INPUT DATA below:

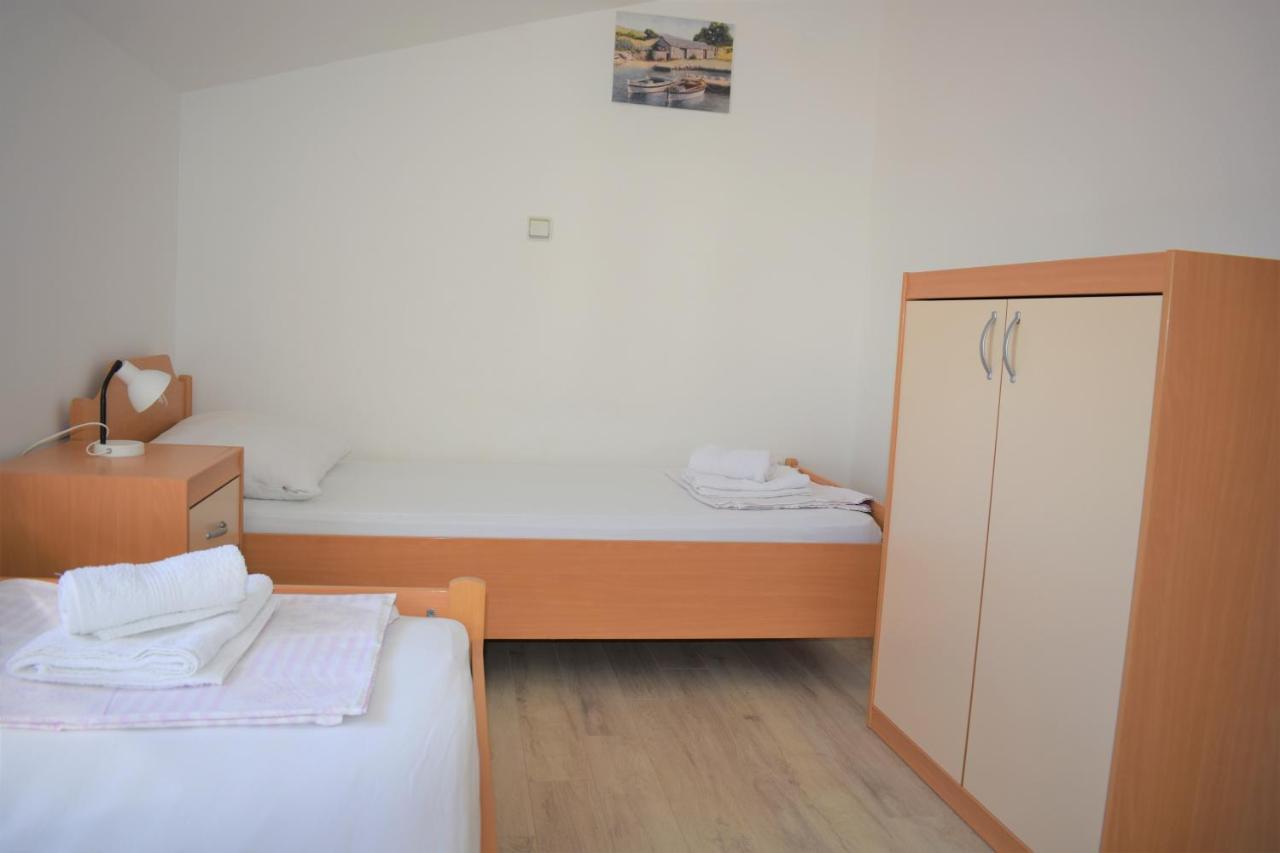 Apartments Janja Муртер Екстер'єр фото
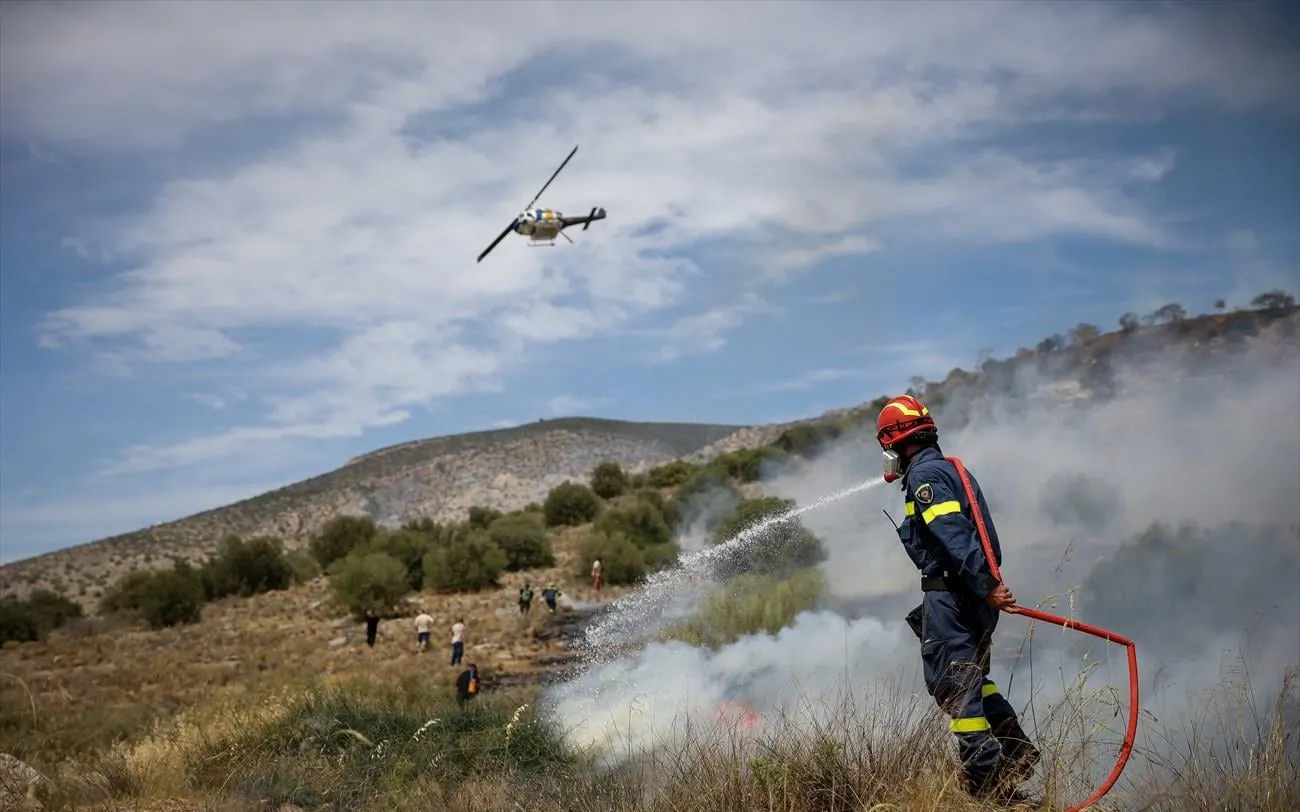 Πυροσβεστικό αεροσκάφος επιχειρεί σε φωτιά σε δασική έκταση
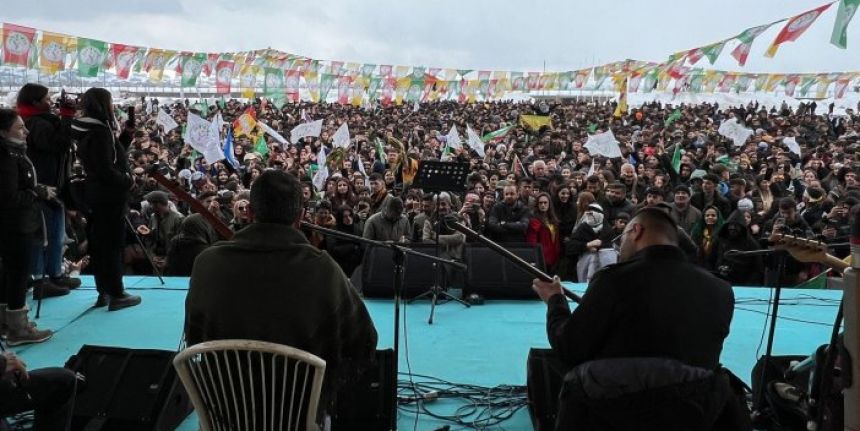 Yüksekova'da renkli Newroz kutlaması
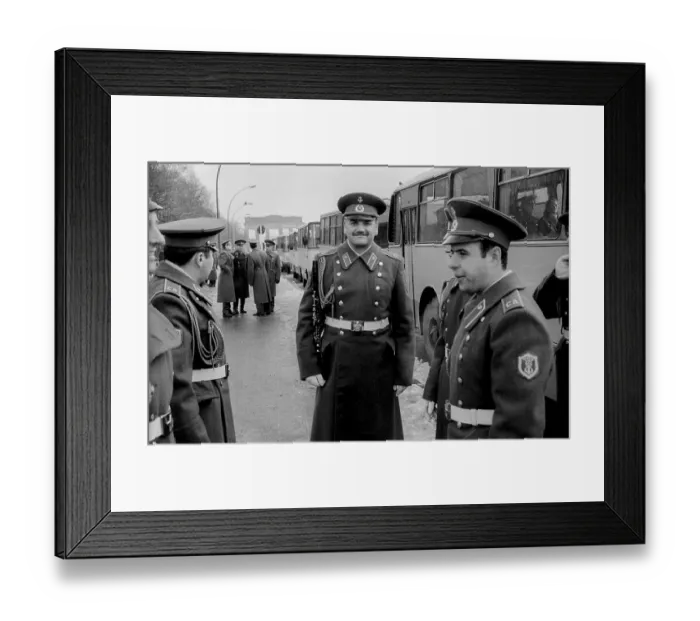 Framed Print : Germany, Berlin, 22.12.1990, departure of the Soviet guard of honour from the memorial in the Tiergarten Framed Print : Germany, Berlin, 22.12.1990, departure of the Soviet guard of honour from the memorial in the Tiergarten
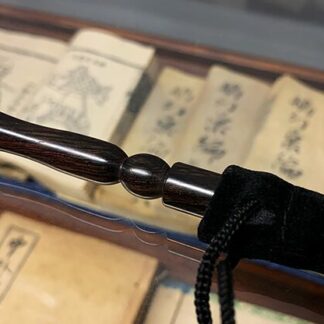 Wooden wand PRO (Standard Black) by Harry He & Bacon Magic - Trick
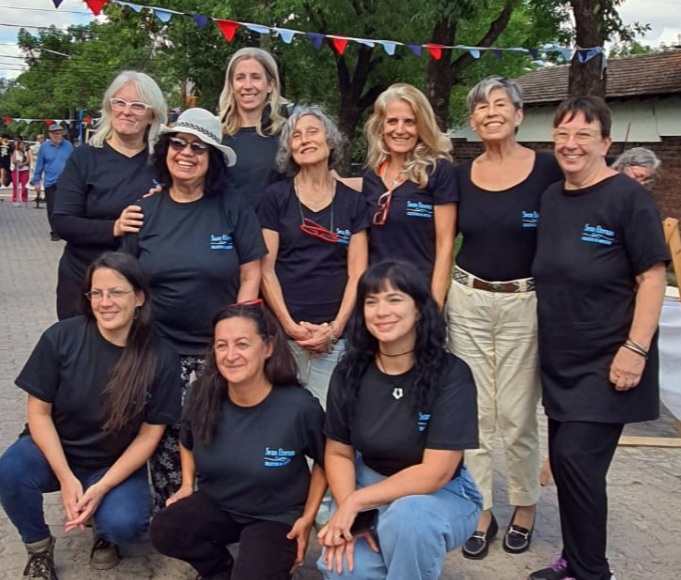 Colectivo de artistas en el HCD escobarense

End of INPUT DATA.

__TASK TO CARRY OUT__. Would you please write out exactly the lines between the line containing "Yüksekova'da renkli Newroz kutlaması" and the last line of the listing above, inclusive, without pictures?

__EXERCISE RESULT__.
 Yüksekova'da renkli Newroz kutlaması
 Framed Print : Germany, Berlin, 22.12.1990, departure of the Soviet guard of honour from the memorial in the Tiergarten Framed Print : Germany, Berlin, 22.12.1990, departure of the Soviet guard of honour from the memorial in the Tiergarten
 Wooden wand PRO (Standard Black) by Harry He & Bacon Magic - Trick
 Colectivo de artistas en el HCD escobarense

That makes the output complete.